ECI Software Solutions is seeking a hands-on Site Reliability Engineer to enhance the reliability and performance of their Manufacturing ERP Portfolio. In this role, you will ensure the operational excellence of production systems, collaborate with cross-functional teams, and drive initiatives in incident response, automation, and cost optimization.
Responsibilities:
- Be the guardian of our 24/7 production environments, swiftly responding to incidents, driving root cause analyses, and continuously enhancing uptime, error budgets, and recovery metrics. Your proactive mindset will identify risks before they impact our users
- Design and maintain cutting-edge observability frameworks using tools like Coralogix and FireHydrant. Build intuitive dashboards and fine-tune alerting to ensure our teams have clear, actionable insights without the noise
- Champion GitOps principles and Terraform-driven infrastructure as code. Automate repetitive tasks, streamline CI/CD pipelines, and review pull requests to embed reliability and operational excellence into every deployment
- Drive cloud and infrastructure cost optimization initiatives, balancing performance with budget-conscious decisions. Collaborate on capacity planning and architect solutions that are both reliable and cost-effective
- Work hand-in-hand with cross-functional teams in an Agile environment, contributing to sprint ceremonies, documenting runbooks, and fostering a culture of continuous learning and improvement
Requirements:
- 3–5+ years of hands-on experience in Site Reliability Engineering, DevOps, or Infrastructure roles
- Deep expertise in at least one major cloud platform (AWS, Azure, or GCP)

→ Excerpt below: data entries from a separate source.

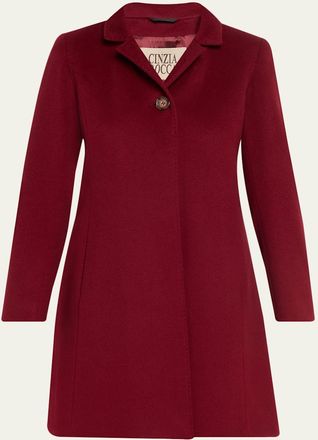 Cinzia Rocca Pure Wool Coat with Inverted Collar
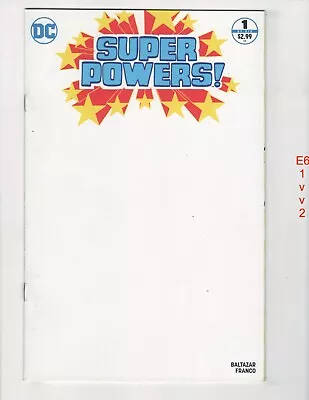 Buy Super Powers #1 Blank Convention Sketch Variant VF/NM 2016 DC E612 • 13.72£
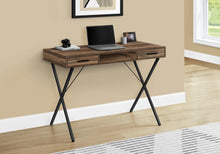 Load image into Gallery viewer, 42" Brown Trestle Workstation with Storage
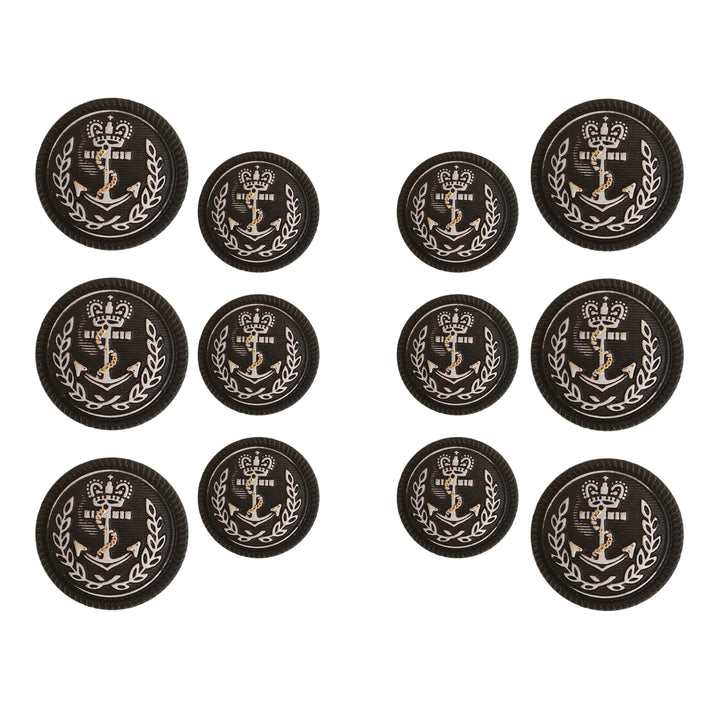 Anchor Style Metal Buttons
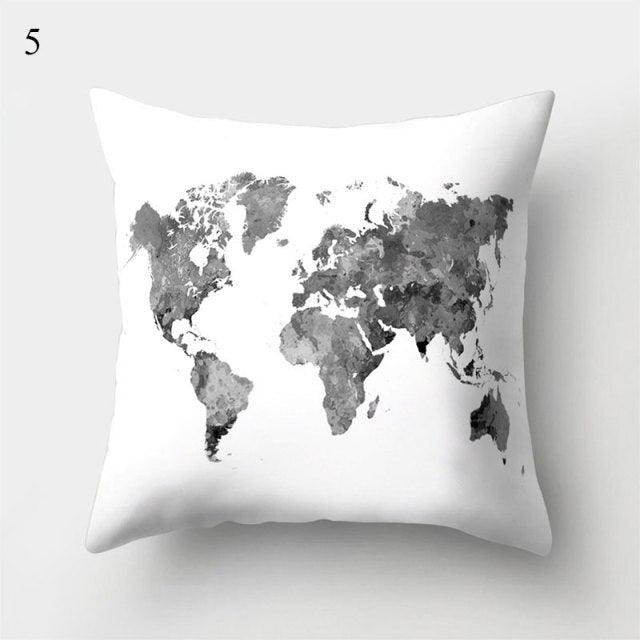Vintage Art Pillow Print Cushion Cover Sofa Living Room Throw Pillow Covers Blue And Gold Modern Decorative Cushion Covers Charming Decrative Pillowcases
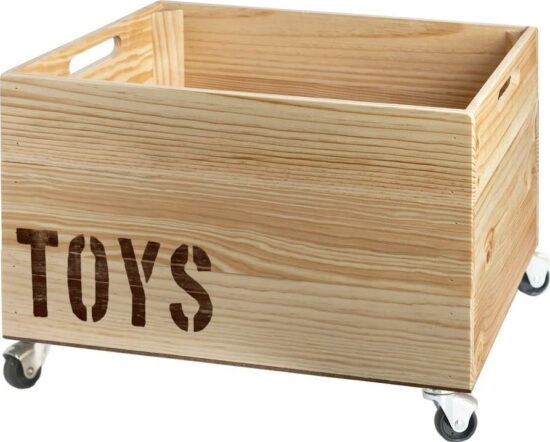Dřevěná krabice na hračky Really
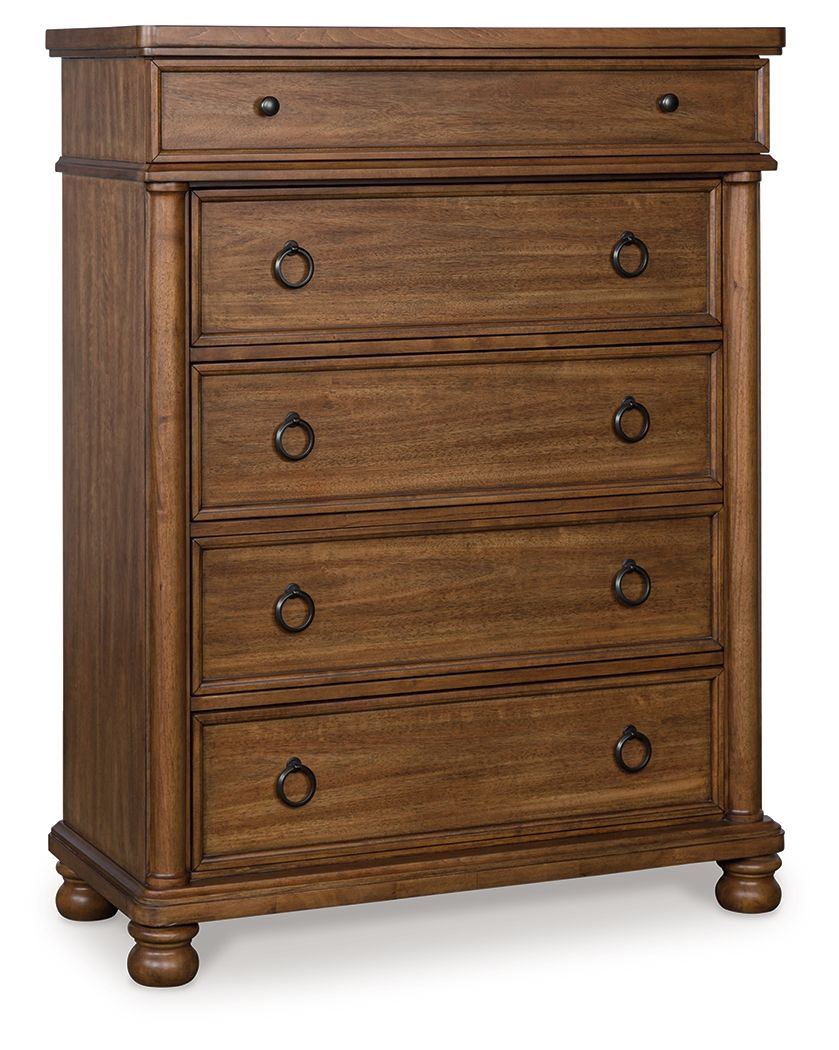 Rowlenstown - Five Drawer Chest - view 2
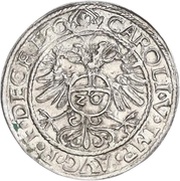 20 Kreuzers Zwanziger, Germany, 1552 reverse image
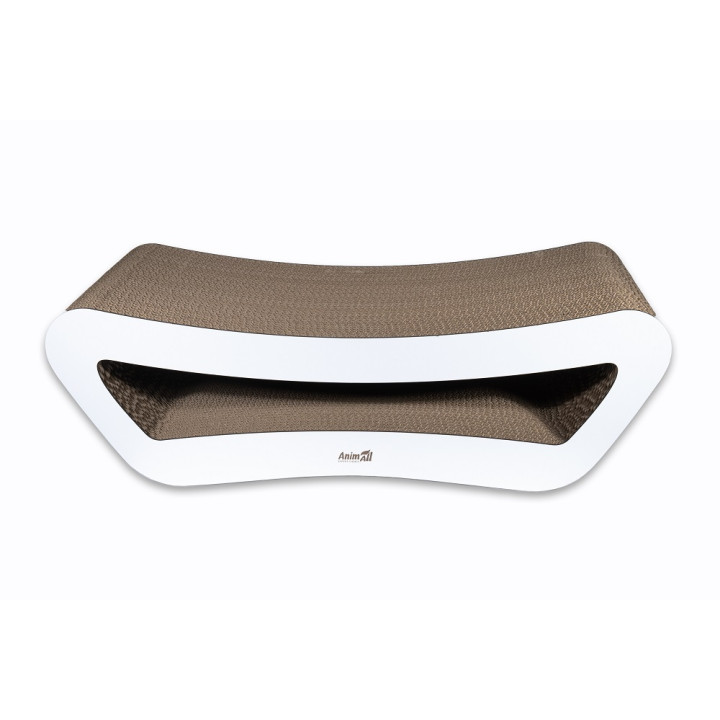 Картонна дряпка-будинок AnimAll Тріо_2 (68х22х25 см) | Купити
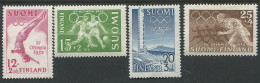 Finland:Unused Stamps Serie XV Olympic Games 1952, Helsinki, MNH - Verano 1952: Helsinki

- Fluency with Linux/Unix systems administration, including kernel internals, networking, file systems, and advanced shell scripting (Bash, Python) for troubleshooting and automation
- Proven experience managing production systems in hybrid cloud and on-premises environments
- Familiarity with GitOps workflows, Terraform, and observability tools
- Active participation in incident response and on-call rotations
- Exceptional troubleshooting, problem-solving, and communication skills
- Bachelor's degree in computer science, Engineering, or related field, or equivalent experience
- Experience with Kubernetes or other Container Services
- Experience supporting high-availability SaaS platforms
- Cloud certifications (AWS, Azure, or Google Cloud)
- Agile/Scrum experience and proficiency with Jira
- Knowledge of FinOps and cost optimization best practices